[Dataset content]
================================
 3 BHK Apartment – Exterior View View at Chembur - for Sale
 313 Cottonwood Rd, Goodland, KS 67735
================================
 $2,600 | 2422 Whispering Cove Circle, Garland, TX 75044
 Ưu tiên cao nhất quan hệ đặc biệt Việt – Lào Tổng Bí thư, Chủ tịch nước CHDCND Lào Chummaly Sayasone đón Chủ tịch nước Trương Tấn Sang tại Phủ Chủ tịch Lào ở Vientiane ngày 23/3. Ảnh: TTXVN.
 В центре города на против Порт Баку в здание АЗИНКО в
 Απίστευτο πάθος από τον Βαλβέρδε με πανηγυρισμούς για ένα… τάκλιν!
================================
[Goal of the exercise]
Extract from the listing above the lines between the line containing "3 BHK Apartment" and the line containing "313 Cottonwood Rd, Goodland, KS 67735", keeping both of those lines. Output nothing else.

[Task solution]
 3 BHK Apartment – Exterior View View at Chembur - for Sale
 313 Cottonwood Rd, Goodland, KS 67735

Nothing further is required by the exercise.